Reproduce the listing below in full and exactly; no pictures belong in the copy.

==================================================

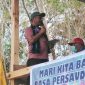Wakil Bupati Ngada, Bernadinus Dhey Ngebu. (Foto: Elfrat Dhena)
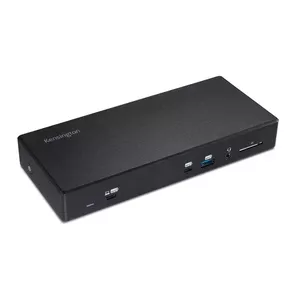 Docking Station Kensington SD4850P USB-C 10Gbps Dual Video 100W PD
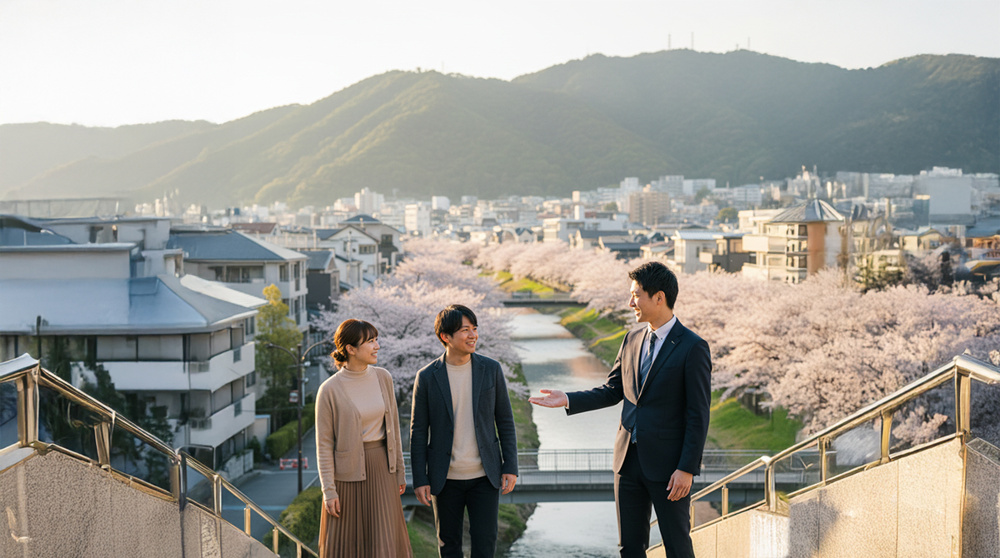 【芦屋の不動産】なぜ地域密着？高翔バイセルがこの街にこだわる3つの理由と「できること」の画像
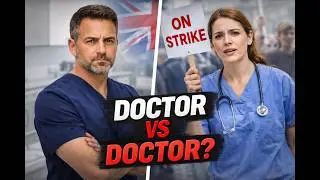 A cosmetic doctors take on the NHS junior doctor strikes. 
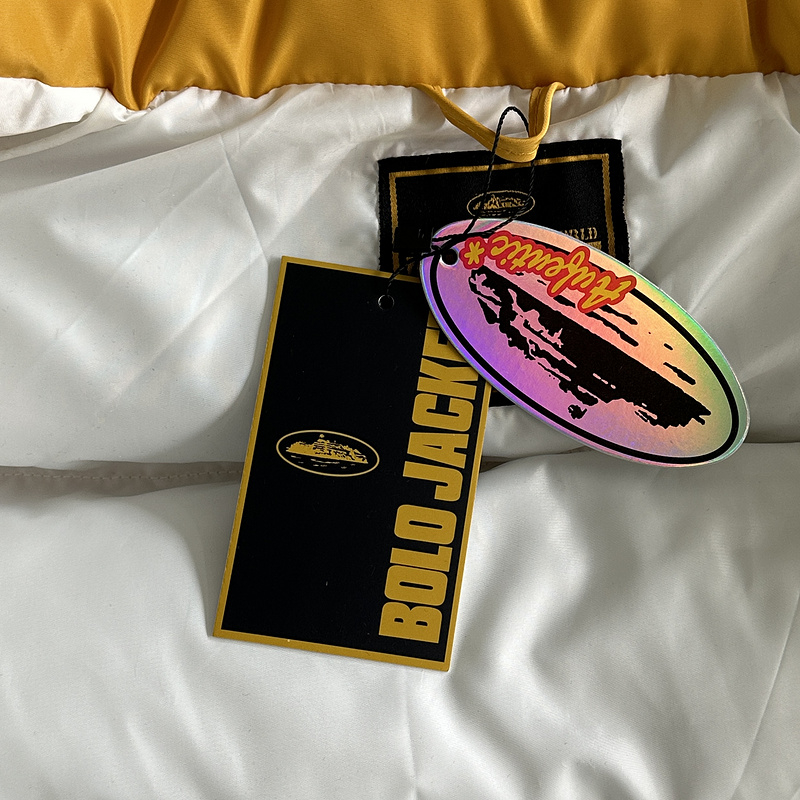320¥ Dark yellow Bolo Jacket | Yupoo - Image 15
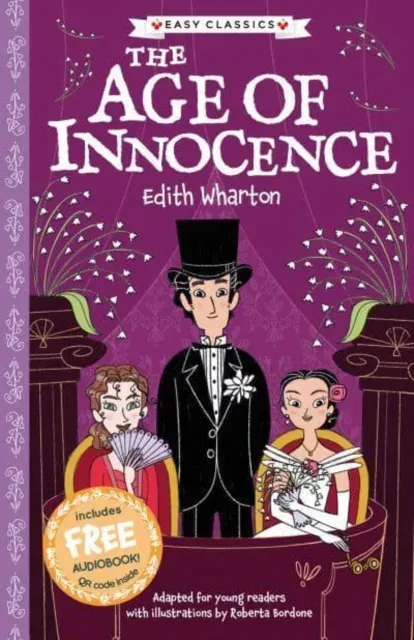 Age of Innocence (Easy Classics)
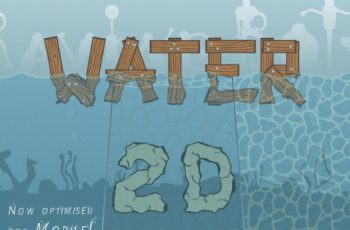 Water 2D Kit – Free Download
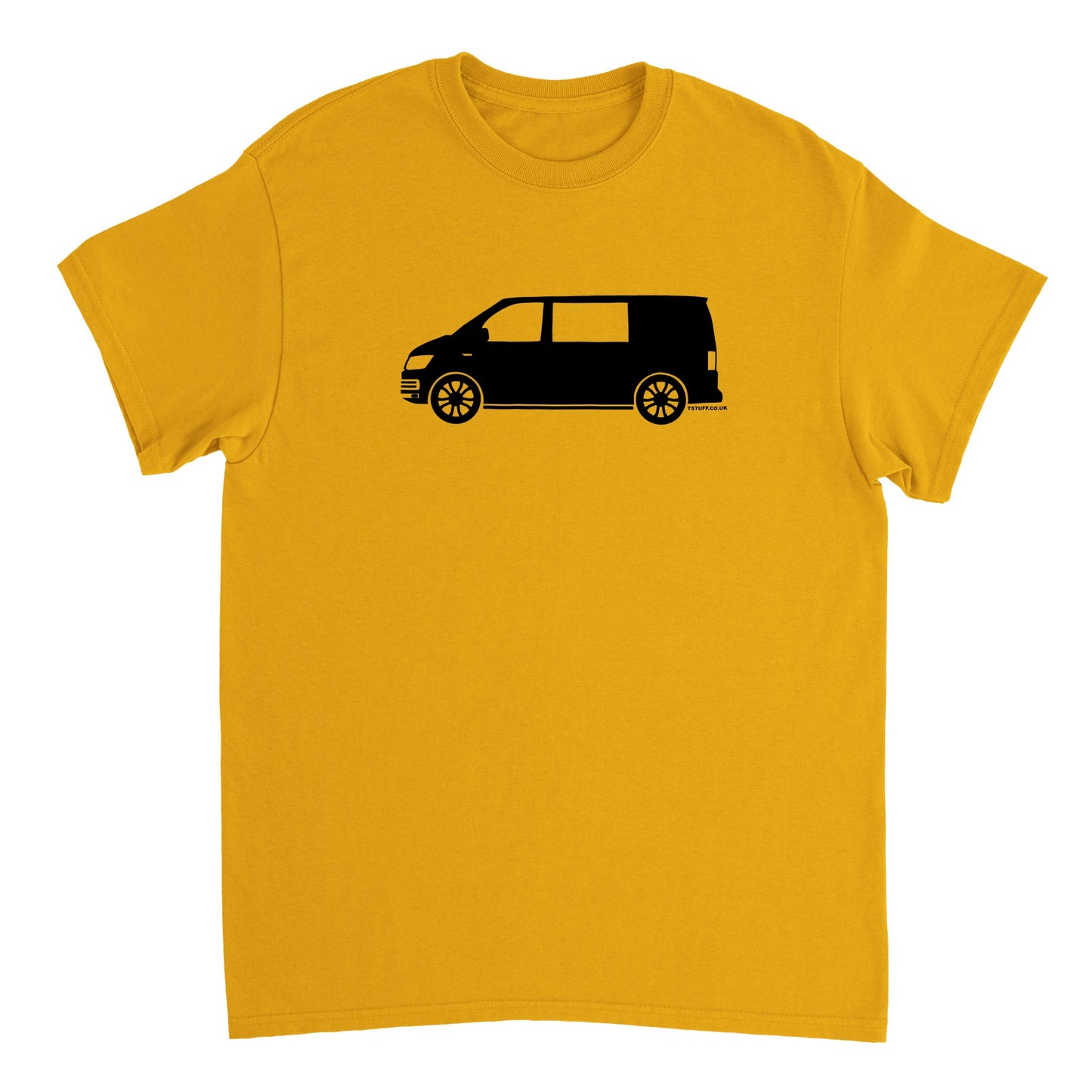 Tee6 Day Van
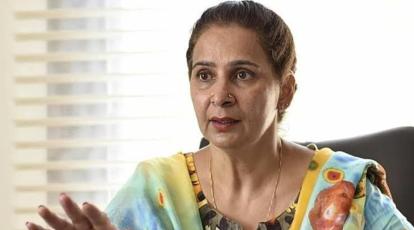 414px x 230px - Navjot Kaur Sidhu diagnosed with cancer | Chandigarh News - The Indian  Express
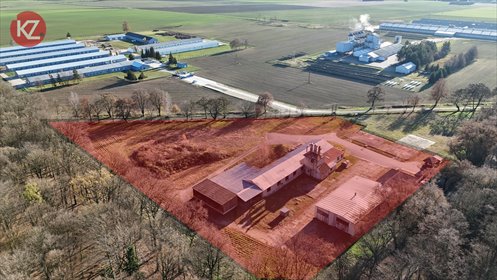 lokal użytkowy na sprzedaż 19494m2 lokal użytkowy Margońska Wieś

==================================================

### Answer to the exercise:
Wakil Bupati Ngada, Bernadinus Dhey Ngebu. (Foto: Elfrat Dhena)
 Docking Station Kensington SD4850P USB-C 10Gbps Dual Video 100W PD
 【芦屋の不動産】なぜ地域密着？高翔バイセルがこの街にこだわる3つの理由と「できること」の画像
 A cosmetic doctors take on the NHS junior doctor strikes. 
320¥ Dark yellow Bolo Jacket | Yupoo - Image 15
 Age of Innocence (Easy Classics)
 Water 2D Kit – Free Download
 Tee6 Day Van
 414px x 230px - Navjot Kaur Sidhu diagnosed with cancer | Chandigarh News - The Indian  Express
 lokal użytkowy na sprzedaż 19494m2 lokal użytkowy Margońska Wieś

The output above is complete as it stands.